While African-American return migration to the South may have caught social scientists by surprise in the 1970s, it was not merely a blip on the radar. The South continued to register a net gain of African-American migrants through the 1970s and 1980s, and in-migration increased dramatically in the 1990s. In the first half of the decade, the South recorded a net gain of 368,000 African Americans, compared with a gain of 97,000 in the first five years of the previous decade.
In this same period, 65 percent of the nation's black population growth took place in the South. The most recent census data, for the years 1995 to 2000, reveal a continuation of this trend: approximately 680,000 African Americans moved to the South and 330,000 moved out, for a net gain in the region of 350,000.

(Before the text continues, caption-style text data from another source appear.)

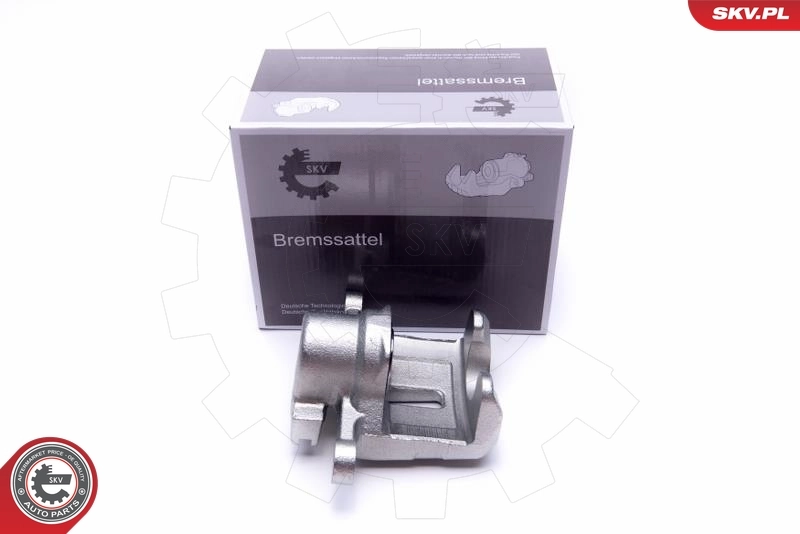 Brake Caliper 55SKV804
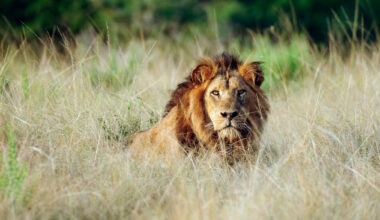 Africa’s wildlife has lost a third of its ‘ecological power,’ study says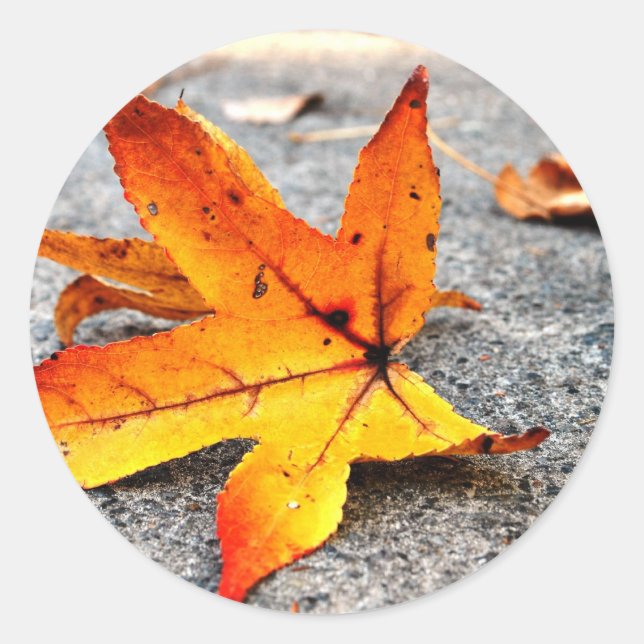 Fire Leaf Classic Round Sticker (Front)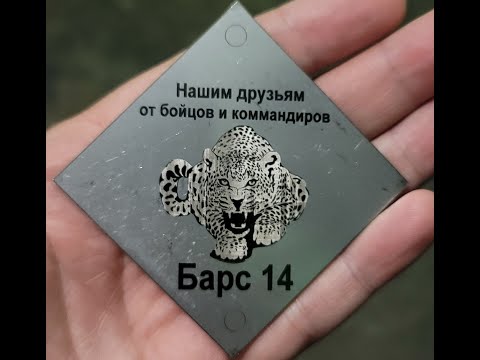 Барс 14
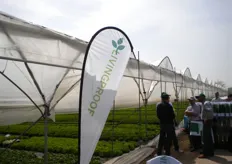 Si e' svolto in data 8 aprile 2011 in provincia di Verona l'evento Living Proof della Monsanto Vegetable Seeds, per la presentazione della sua gamma Lattughe.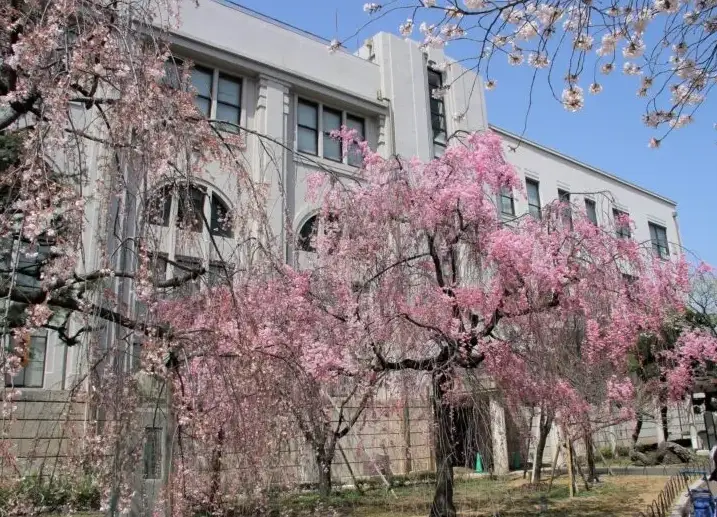 日本賞櫻景點推薦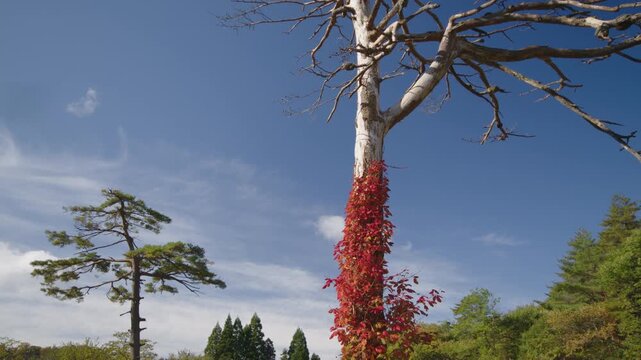 紅葉の名所 秋の鳴子峡の風景　Autumn scenery of Naruko Gorge, a famous spot for autumn foliage.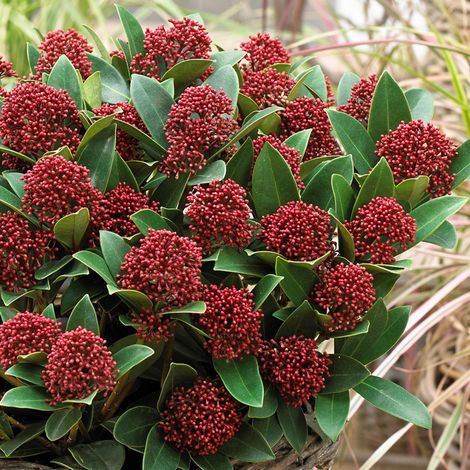 SKIMMIA JAPONICA RUBELLA BICOLOR IN VASO DA 15CM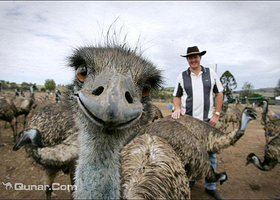 毛里求斯Casela冒险乐园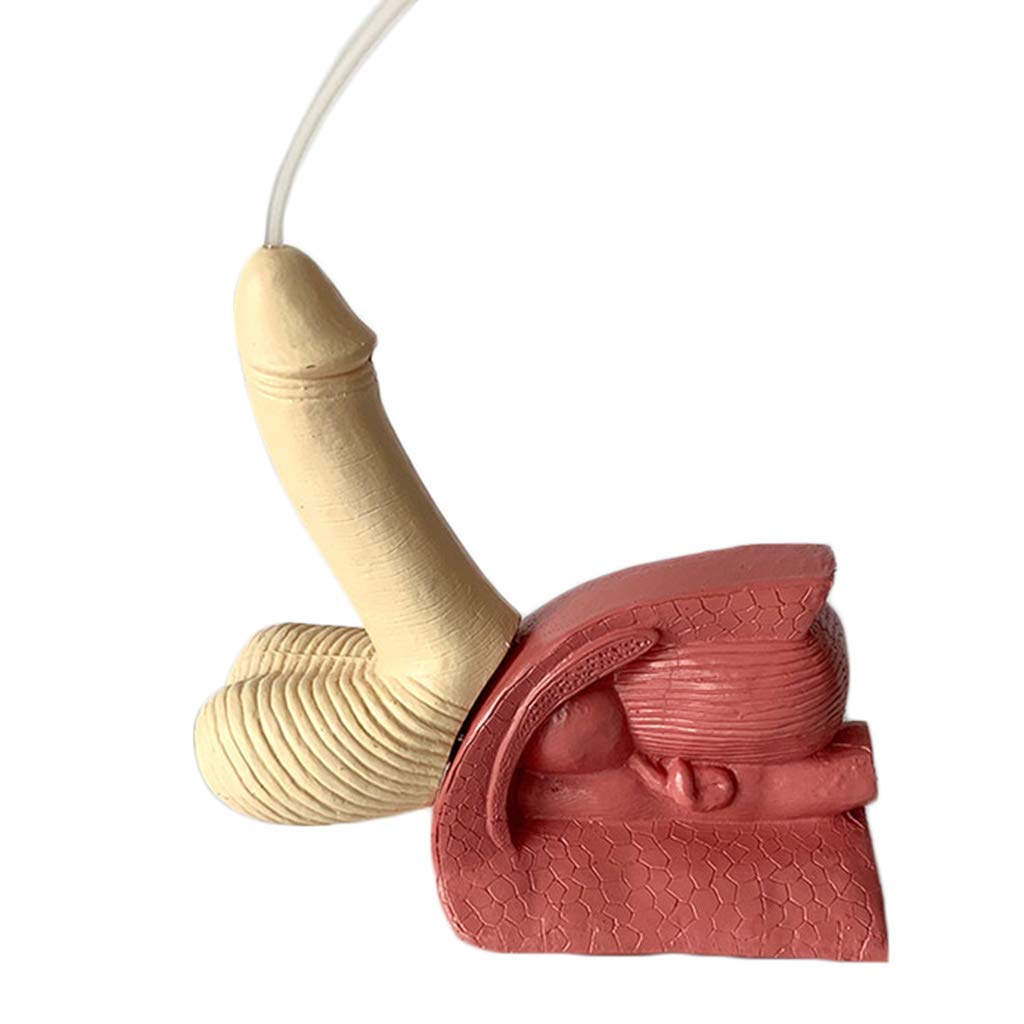 Modèle de cathétérisme Huili - Modèle de Structure reproductrice Interne et Externe de l'urètre Masculin - Modèle de Pratique de Chirurgie médicale de cathétérisme d'intubation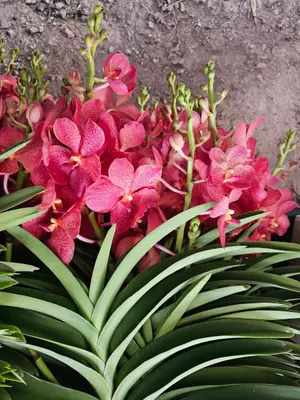 Mokara No. 14 — rare Mokara plant from Thailand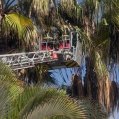 Rescate de un guacamayo en Playa Blanca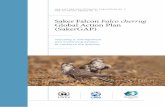 Saker Falcon Falco cherrug Global Action Plan (SakerGAP) · Saker Falcon Falco cherrug Global Action Plan (SakerGAP), including a management and monitoring system, to conserve the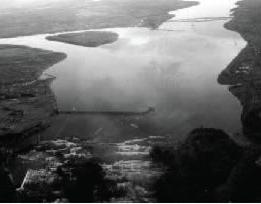 尼亚加拉河守护者水牛的黑白图像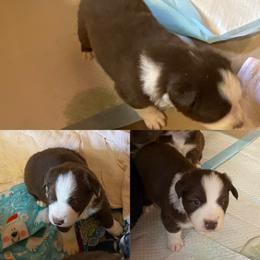 Red Bi male - Red & white male Australian Shepherd puppy in Ennis, Montana from D4R Australian Shepherds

Enough time has passed since World War I and the great surge in African-American migration from south to north to comprehend the momentous transformations wrought by this demographic shift. It has been barely three decades since the flow of the Great Migrations reversed itself. And the trend is far from over: the net migration to the South continues to grow in the twenty-first century.
While social scientists and the migrants themselves attempt to understand the push-and-pull factors shaping such a demographic shift, the full impact of this movement has yet to be realized. The return of African Americans to the South may come to rank among the nation's great migrations.
Whatever its causes and effects may be, after "generations of separation and decades of forgetfulness," as Maya Angelou observed, many African Americans have found "that they can come home again."